Fanny McBride was a large, cheerful, indomitable Tyneside widow with a large, cheerful family. When she reached her fifties, she began to feel, for the first time in her life, a little lonely. All but one of her sons and daughters had married and left home, leaving her with spare time on her hands.
Being a woman of resource, Fanny took on a job at the local 'Ladies', which was to prove a surprisingly stimulating experience.
Another new interest was the arrival of some rather odd neighbours at Malhattan's Hall, the tenement block which was Fanny's home. Then there was her long-standing feud with Mrs Flannagan, the problem of the favourite child's unsuitable marriage, and the puzzle of Fanny's one unmarried son, who was far from being a typical McBride . . .
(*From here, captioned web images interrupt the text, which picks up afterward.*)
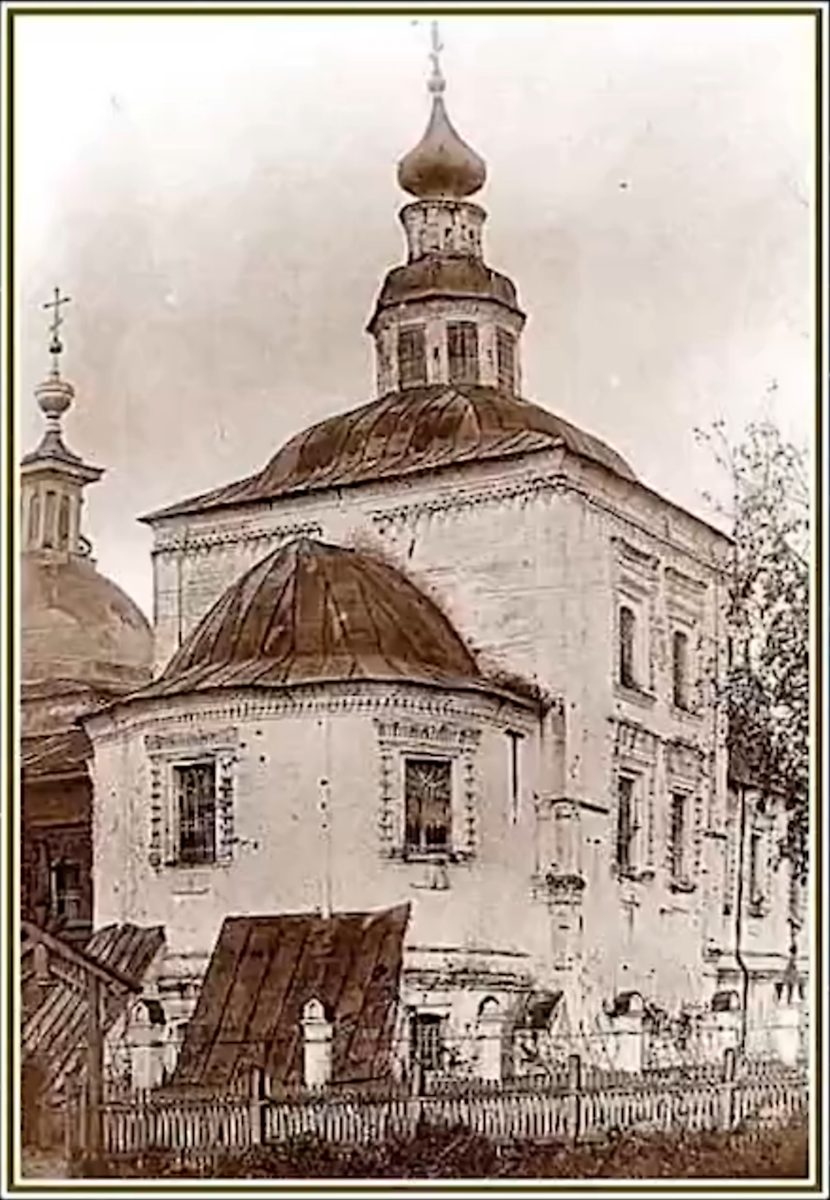 Воскресенская и Варваринская (слева) церкви. Начало XX в. , архивная фотография. Церковь Воскресения Христова, Юрьев-Польский (Юрьев-Польский район, Владимирская область)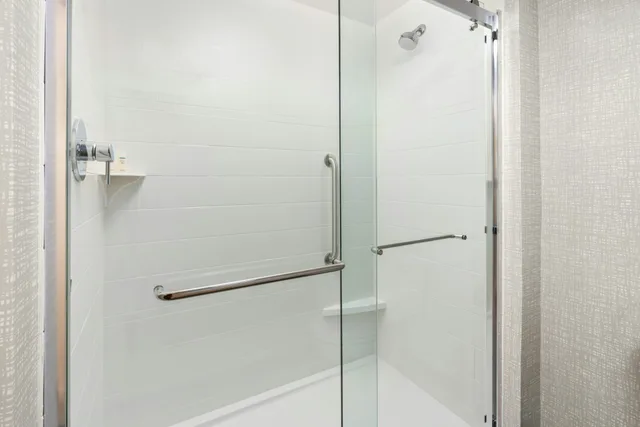 غرفة بسرير كينج، Hampton Inn & Suites Portland Tigard 1/1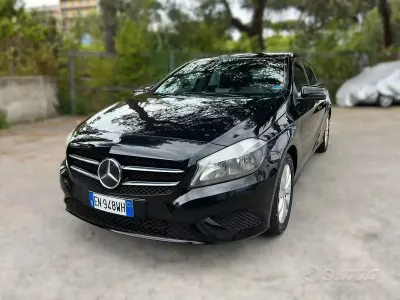 Usata Mercedes A180 Premium 109 CV (80 kW) 2012 Nero Berlina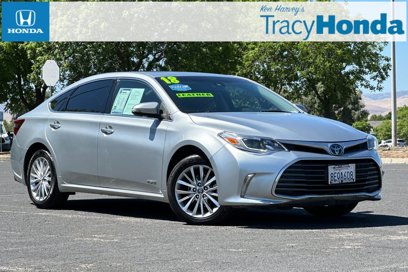 Used 2018 Toyota Avalon Limited w/ All Weather Liner Package
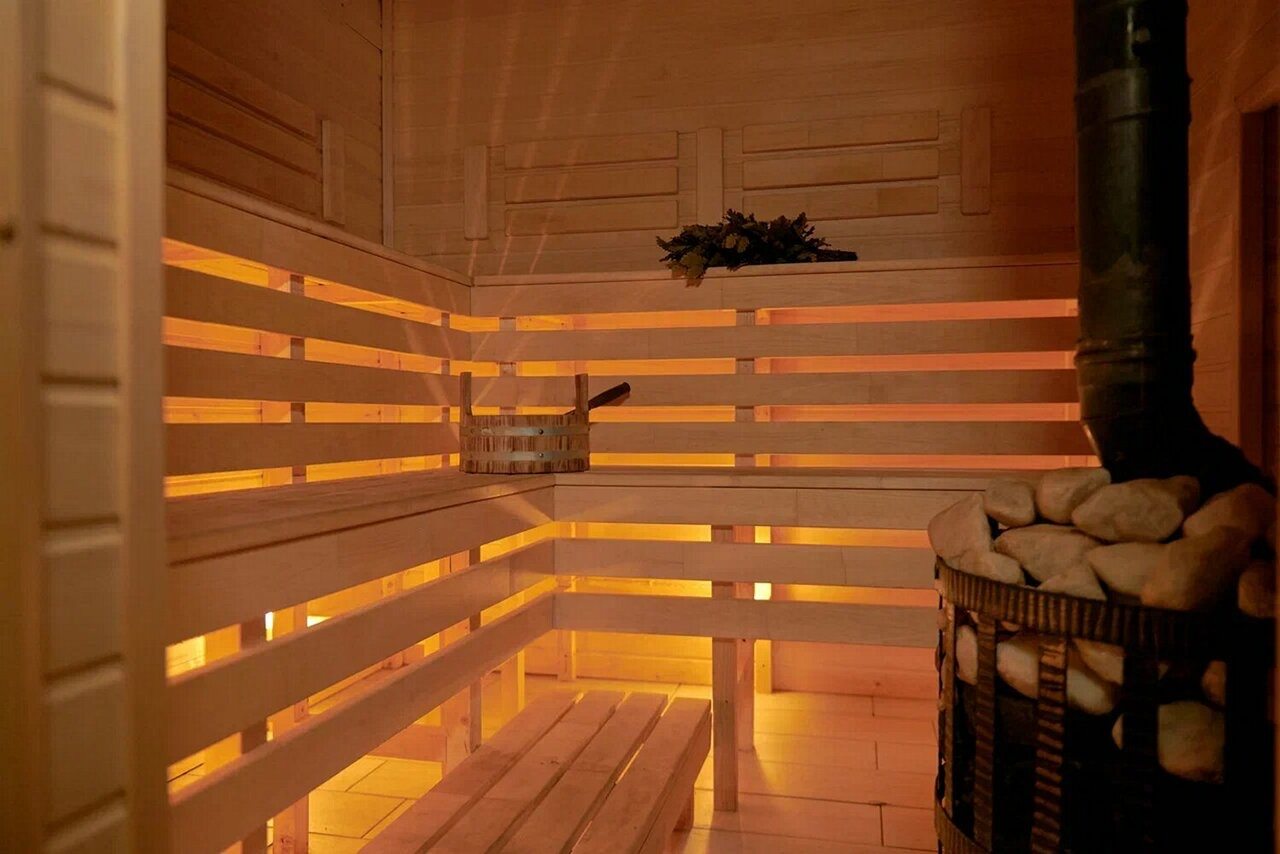 Шале (Шале 1), Гостевой дом Рай в шалаше в Светлом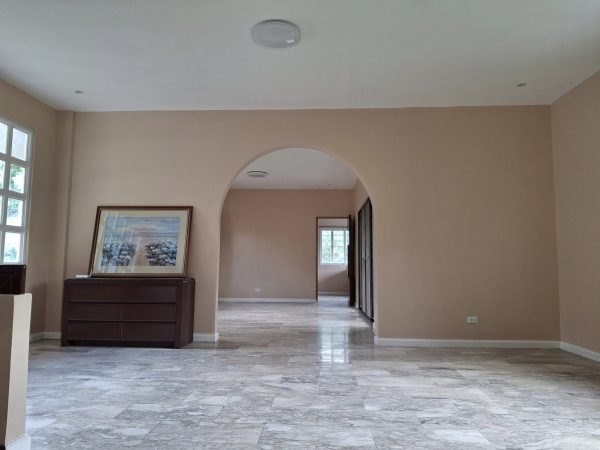 Luxurious Three-Level House with Panoramic Mountain Views in Cebu City - Image 19
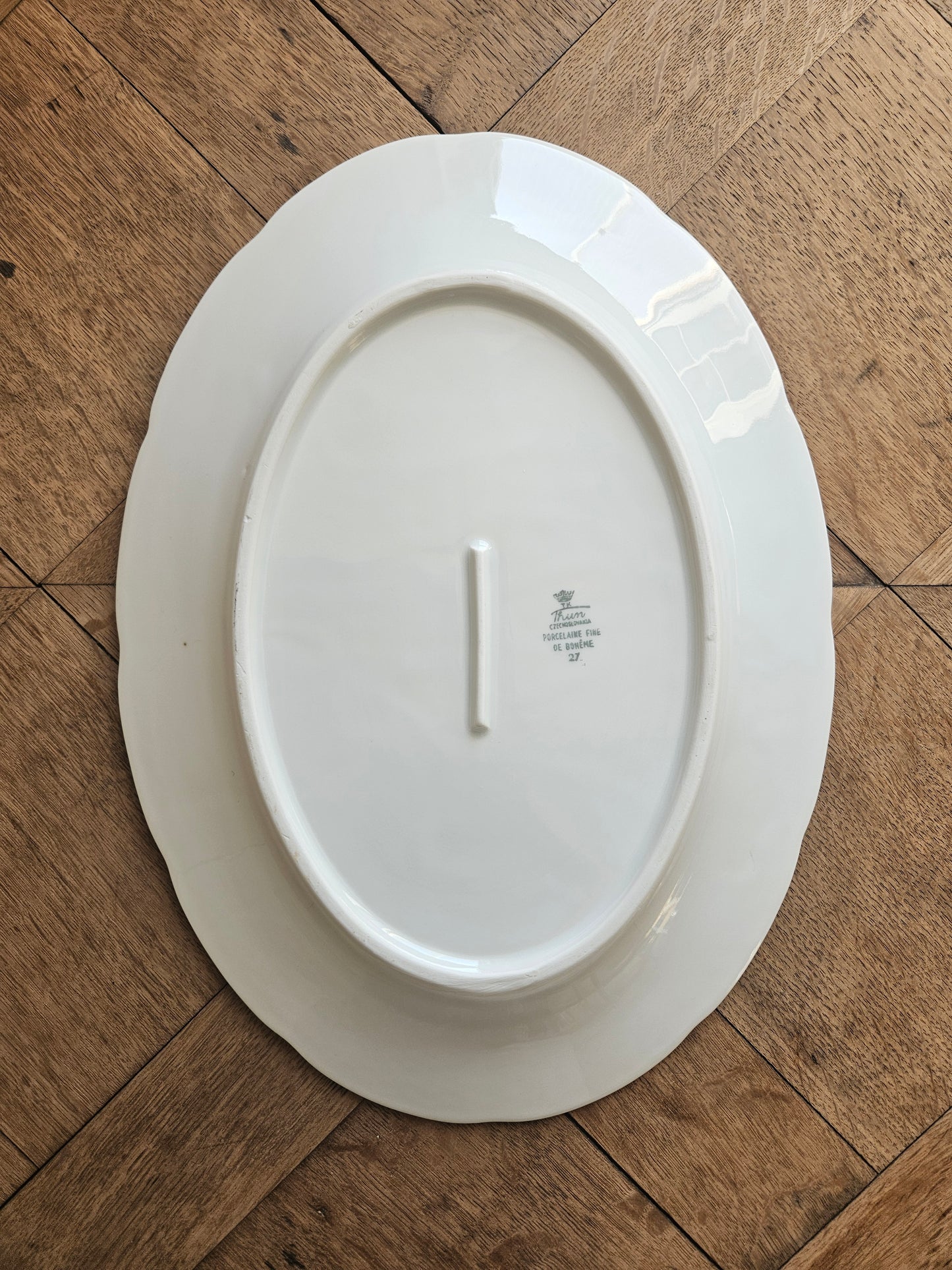 Plat ovale porcelaine de Bohême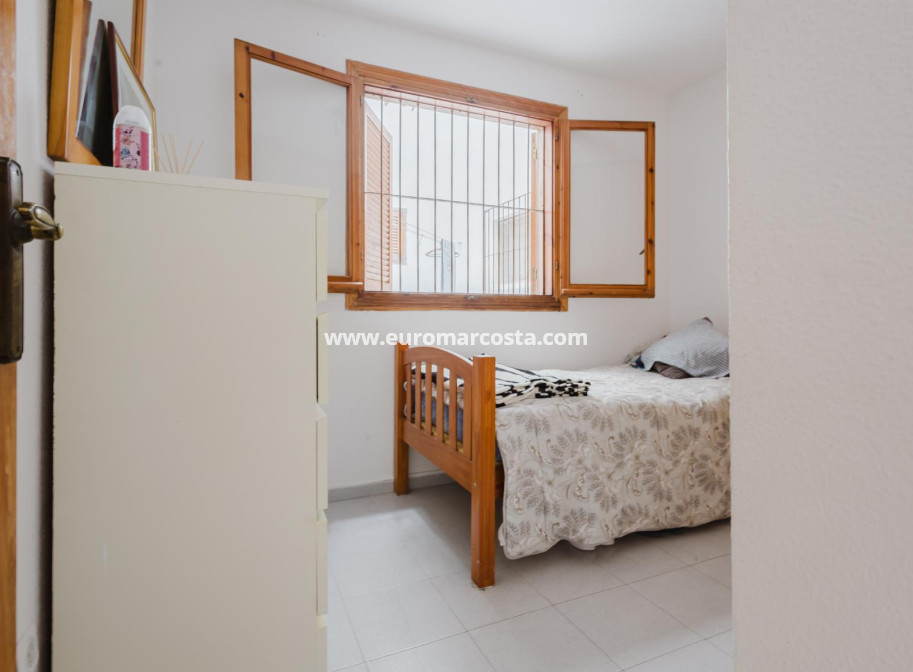 Venta - Apartamento / piso - Torrevieja - TORREVIEJA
Catherine Cookson was born in Tyne Dock, the illegitimate daughter of a poverty-stricken woman, Kate, whom she believed to be her older sister. She began work in service but eventually moved south to Hastings, where she met and married Tom Cookson, a local grammar-school master. Although she was originally acclaimed as a regional writer - her novel The Round Tower won the Winifred Holtby Award for the best regional novel of 1968 - her readership quickly spread throughout the world, and her many best-selling novels established her as one of the most popular of contemporary women novelists. After receiving an OBE in 1985, Catherine Cookson was created a Dame of the British Empire in 1993. She was appointed an Honorary Fellow of St Hilda’s College, Oxford, in 1997. For many years she lived near Newcastle upon Tyne. She died shortly before her ninety-second birthday, in June 1998.